The siting of and approval of permits for waste disposal facilities is governed by G.L.c. 111, §150A. As indicated, DEA initiated the multi-phase administrative process to obtain permission to build the landfill facility in 1987, beginning with site assignment proceedings before the Douglas board of health.5 Since 1992, DEA has been before the department seeking the necessary permit to construct the landfill facility. The history of the department’s dealings with DEA since September 1992 has been quite extraordinary in many respects, but one of its significant attributes is its length.

1. The September 1992 draft permit and the April 1993 final permit denial.

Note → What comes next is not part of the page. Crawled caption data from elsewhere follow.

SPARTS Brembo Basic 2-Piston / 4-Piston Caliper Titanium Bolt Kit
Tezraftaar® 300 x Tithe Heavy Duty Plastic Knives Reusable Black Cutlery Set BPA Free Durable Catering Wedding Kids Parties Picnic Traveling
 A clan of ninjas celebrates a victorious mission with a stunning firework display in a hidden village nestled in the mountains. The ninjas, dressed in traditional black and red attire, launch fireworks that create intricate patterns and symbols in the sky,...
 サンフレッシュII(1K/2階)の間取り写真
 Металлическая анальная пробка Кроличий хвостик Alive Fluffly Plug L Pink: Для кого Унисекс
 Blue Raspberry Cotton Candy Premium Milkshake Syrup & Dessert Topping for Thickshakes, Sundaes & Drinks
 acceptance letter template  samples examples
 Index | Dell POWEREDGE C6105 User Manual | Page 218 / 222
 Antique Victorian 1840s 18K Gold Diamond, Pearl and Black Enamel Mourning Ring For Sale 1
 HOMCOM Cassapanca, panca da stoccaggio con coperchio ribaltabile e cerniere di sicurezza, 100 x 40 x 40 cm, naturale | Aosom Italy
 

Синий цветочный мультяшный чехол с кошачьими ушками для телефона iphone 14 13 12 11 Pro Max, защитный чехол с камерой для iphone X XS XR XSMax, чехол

In September 1992, the department granted DEA a draft landfill construction permit for phase one of the [525]*525project. This draft proposed to allow DEA to accept 1500 tons per day of solid waste, of which 600 tons per day could be municipal solid waste (residential, commercial and institutional waste). The issuance of the draft permit was followed by two public hearings and the submission of many comments and much information to the department in connection with DEA’s construction permit application. The record reveals that there has been substantial and often intense local opposition to the proposed facility, as well as opposition from other quarters, including the department.

In April 1993, the department issued a final decision denying the permit. Its denial was based on two issues: (1) the hydrogeological aspects of the project, and in particular, the claimed failure of DEA to determine accurately the site characteristics and to demonstrate that the environmental monitoring system was adequate; and (2) the claimed failure of DEA to show that the project would not constitute a threat to certain identified endangered species and species of special concern under the Massachusetts Endangered Species Act (MESA), G.L.c. 131A.6 On both points, the department concluded that more studies would need to be completed and submitted by DEA, and without them, no permit could be issued.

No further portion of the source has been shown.